In Full Circle, a recently published memoir, Anna Hallman Byler shares the details of missionary life in Latin America.
A new memoir, from what Amazon describes as "the great missionary expansion of Mennonites in the 20th century," will delightfully fill long hours of quarantine. In Full Circle: from Goshen to Goshen, Anna Hallman Byler describes the everyday lived-out details of this lofty calling.
On the first morning of Hallman Byler’s mission career in Argentina, husband, B. Frank Byler, had gone to the customs office to try to rescue their filing cabinet. Anna and son, Stanley, were left to fend for themselves at breakfast. Anna wrote:
"I knew enough Spanish that I figured I could make myself understood. Stanley and I sat down at a table. A waiter set a basket of little crusty loaves in front of us. He placed a plate of butter and a dish of jam beside the bread. Next, he poured some hot coffee into my cup, and filled the cup from a pitcher of hot milk — the same for Stanley. That was it. I hadn’t spoken a word!

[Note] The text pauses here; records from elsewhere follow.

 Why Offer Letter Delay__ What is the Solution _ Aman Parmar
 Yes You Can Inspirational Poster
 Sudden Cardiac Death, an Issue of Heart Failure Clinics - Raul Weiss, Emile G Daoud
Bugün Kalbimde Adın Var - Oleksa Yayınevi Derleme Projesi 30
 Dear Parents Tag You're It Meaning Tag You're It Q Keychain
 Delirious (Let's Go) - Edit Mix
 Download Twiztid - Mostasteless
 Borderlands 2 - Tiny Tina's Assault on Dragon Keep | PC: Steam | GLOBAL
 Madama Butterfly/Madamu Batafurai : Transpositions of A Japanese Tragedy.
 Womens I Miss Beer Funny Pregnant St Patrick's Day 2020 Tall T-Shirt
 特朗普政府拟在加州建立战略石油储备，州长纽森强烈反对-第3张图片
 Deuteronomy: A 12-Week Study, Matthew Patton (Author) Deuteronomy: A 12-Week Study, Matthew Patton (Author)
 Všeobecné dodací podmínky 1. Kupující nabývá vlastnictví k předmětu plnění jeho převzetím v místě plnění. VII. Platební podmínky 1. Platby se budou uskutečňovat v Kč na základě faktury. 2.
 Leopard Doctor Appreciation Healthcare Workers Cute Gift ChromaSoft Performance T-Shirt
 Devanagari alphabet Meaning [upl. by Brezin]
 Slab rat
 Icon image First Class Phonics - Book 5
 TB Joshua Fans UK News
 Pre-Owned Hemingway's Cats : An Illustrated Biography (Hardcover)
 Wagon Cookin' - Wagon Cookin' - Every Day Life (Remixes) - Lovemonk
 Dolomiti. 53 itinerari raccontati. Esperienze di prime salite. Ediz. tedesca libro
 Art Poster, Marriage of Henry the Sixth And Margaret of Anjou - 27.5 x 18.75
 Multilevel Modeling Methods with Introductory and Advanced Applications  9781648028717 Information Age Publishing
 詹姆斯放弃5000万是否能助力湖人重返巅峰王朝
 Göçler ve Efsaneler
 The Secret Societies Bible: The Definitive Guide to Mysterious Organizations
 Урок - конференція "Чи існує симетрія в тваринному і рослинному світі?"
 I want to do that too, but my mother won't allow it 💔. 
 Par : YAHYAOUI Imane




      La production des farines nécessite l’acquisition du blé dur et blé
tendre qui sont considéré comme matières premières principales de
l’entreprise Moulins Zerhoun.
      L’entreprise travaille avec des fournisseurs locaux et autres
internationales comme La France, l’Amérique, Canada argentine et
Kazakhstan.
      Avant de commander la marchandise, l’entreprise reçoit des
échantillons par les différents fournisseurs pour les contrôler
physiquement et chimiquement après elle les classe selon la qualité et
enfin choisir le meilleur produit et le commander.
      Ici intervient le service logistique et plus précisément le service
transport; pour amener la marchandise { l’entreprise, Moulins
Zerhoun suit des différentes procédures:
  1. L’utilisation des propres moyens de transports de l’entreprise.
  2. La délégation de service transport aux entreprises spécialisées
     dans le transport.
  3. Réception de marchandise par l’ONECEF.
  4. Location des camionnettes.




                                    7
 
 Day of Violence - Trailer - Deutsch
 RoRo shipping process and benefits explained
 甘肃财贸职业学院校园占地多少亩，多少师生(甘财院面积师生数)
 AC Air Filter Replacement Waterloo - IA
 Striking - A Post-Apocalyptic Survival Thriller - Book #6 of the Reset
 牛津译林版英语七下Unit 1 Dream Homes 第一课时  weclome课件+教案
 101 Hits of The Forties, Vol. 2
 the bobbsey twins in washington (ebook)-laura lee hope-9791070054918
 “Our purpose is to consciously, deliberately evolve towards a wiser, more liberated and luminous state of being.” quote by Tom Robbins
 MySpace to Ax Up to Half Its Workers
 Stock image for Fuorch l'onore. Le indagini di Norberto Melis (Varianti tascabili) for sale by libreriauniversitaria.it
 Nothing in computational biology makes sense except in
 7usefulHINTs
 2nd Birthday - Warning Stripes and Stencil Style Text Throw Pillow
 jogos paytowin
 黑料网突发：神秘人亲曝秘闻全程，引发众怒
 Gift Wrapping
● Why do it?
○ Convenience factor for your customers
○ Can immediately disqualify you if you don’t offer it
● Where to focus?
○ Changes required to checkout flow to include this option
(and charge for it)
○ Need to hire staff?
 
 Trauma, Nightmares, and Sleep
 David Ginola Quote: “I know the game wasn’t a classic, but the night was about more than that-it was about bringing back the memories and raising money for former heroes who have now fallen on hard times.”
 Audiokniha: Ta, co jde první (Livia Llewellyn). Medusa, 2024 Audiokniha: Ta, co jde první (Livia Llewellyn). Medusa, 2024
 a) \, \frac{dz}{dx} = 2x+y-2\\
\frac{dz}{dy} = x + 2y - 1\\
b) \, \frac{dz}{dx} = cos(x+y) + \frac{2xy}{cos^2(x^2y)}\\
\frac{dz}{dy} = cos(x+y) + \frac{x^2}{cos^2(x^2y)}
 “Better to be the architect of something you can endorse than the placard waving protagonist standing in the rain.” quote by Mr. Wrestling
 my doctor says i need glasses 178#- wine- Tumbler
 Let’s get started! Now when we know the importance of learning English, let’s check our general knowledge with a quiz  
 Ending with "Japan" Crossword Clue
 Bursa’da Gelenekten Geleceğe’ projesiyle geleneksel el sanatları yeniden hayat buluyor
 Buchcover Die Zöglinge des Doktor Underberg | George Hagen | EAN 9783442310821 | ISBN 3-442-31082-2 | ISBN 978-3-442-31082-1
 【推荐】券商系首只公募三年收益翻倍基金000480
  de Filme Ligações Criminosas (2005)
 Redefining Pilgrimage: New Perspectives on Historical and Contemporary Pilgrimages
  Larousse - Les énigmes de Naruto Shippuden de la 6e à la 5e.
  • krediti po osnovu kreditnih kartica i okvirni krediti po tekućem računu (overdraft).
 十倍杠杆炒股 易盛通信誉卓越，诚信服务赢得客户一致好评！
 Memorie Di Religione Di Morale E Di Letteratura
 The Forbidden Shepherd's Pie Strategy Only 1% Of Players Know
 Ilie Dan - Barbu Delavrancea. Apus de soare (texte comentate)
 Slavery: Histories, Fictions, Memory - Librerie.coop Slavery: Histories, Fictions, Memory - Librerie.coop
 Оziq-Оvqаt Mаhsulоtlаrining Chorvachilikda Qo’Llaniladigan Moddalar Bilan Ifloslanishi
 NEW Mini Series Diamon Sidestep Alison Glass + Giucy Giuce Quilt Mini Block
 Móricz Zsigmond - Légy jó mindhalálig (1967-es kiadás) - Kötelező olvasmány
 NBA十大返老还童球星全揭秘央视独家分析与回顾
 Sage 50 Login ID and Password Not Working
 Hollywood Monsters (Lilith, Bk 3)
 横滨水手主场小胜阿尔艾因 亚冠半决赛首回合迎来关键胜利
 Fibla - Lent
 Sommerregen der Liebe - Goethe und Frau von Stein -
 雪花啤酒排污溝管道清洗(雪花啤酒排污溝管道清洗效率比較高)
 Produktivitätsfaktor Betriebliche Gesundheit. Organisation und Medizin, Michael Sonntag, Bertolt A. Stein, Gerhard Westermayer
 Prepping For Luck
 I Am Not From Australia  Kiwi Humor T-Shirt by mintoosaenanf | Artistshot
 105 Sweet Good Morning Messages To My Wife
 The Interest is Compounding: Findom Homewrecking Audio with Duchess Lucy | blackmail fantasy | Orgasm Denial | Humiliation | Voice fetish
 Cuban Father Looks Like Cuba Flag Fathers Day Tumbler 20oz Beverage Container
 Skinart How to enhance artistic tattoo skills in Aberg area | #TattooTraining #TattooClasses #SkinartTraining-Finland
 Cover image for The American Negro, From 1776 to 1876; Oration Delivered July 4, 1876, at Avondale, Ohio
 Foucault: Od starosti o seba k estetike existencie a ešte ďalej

"Children were served just a little of the coffee in the cup, then filled with milk; while adults took it as strong as they wished. We later learned that when the waiter started filling the strong coffee into your cup, he expected you to tell him when to stop pouring by lifting your finger or opening your hand palm down. Then he filled whatever space was left, with hot milk."
B. Frank and Anna Hallman Byler served with Mennonite Board of Missions and Charities, a predecessor agency of Mennonite Mission Network, from 1947–1982. They began their work in Argentina and later moved to Uruguay.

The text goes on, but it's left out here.